Table 5 Comparison of the ischemia identification models based on NCCT.

Our derived customized-VGG16 CNN model for DL-based identification model is distinct and unique. First, we considered NCCT taken only within 12 h after stroke onset, since during this time period, the treatment decision for acute ischemic stroke is critical, but most ischemic lesion cannot be clearly identified on NCCT. Second, we considered not only supratentorial but also infratentorial lesions, since infratentorial ischemic lesion is especially a challenge to be identified on NCCT in the early stage of ischemic stroke. Third, we used several performance metrics with outcome visualization method and expert-level performance for model establishment.

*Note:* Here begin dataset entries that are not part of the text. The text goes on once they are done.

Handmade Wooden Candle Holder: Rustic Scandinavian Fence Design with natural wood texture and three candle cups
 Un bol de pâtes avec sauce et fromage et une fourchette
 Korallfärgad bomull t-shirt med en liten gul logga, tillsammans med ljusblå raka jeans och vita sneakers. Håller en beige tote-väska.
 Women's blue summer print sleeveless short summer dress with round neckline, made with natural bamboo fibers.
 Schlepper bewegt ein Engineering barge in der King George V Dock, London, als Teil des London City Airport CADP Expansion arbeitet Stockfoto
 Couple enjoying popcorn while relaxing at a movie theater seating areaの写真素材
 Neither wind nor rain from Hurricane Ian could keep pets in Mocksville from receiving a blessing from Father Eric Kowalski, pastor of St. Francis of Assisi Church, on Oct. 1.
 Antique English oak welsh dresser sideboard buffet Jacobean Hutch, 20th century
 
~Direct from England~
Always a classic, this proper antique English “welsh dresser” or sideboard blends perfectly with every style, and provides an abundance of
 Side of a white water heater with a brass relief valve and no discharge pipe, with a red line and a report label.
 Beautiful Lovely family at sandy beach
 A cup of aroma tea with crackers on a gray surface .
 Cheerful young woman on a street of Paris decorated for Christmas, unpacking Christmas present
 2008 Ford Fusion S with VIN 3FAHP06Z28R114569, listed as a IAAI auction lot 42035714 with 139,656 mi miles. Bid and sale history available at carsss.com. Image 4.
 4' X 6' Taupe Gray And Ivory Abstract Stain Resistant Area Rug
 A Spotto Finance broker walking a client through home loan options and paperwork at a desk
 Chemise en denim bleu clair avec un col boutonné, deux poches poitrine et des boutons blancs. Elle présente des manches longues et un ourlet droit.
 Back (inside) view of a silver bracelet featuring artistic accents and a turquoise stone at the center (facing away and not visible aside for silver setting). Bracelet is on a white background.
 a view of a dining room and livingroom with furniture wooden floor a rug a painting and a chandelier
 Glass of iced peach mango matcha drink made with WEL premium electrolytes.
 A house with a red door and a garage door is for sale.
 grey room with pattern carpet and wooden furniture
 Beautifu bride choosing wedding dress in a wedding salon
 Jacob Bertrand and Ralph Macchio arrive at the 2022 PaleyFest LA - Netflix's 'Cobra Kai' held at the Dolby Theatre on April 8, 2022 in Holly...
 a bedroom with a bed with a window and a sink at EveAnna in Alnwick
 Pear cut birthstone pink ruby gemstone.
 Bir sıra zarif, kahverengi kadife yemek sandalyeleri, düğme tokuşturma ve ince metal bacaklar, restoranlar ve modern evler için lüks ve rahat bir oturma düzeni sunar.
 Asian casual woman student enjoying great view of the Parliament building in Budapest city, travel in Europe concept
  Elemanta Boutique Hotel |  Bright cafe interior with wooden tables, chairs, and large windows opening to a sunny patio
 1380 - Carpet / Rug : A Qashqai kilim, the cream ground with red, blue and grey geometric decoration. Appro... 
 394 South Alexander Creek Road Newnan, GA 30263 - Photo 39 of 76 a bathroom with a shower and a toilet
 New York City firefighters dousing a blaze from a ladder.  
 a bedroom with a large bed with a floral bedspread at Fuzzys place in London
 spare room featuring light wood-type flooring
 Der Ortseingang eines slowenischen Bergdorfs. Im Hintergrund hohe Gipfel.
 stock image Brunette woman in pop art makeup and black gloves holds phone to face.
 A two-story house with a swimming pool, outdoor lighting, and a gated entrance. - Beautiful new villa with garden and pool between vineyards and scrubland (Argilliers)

However, there is limitation of the present study. First, all the NCCTs were collected from a single medical center, and this may raise the concerns of lack of external validation associated with the generalization of our model. Second, this study was a retrospective design, and prospective design may be needed for further validation. Third, this study only examined the presence of ischemic lesion on NCCT slice to identify the ischemic patient but did not yet examine the exact location of the ischemic lesion.

Conclusions

The present study using CNN-based identification approach to determine the presence of ischemic lesions on NCCT demonstrated the feasibility of using deep learning in the differential identification of normal subjects and ischemic patients with stroke onset < 12 h.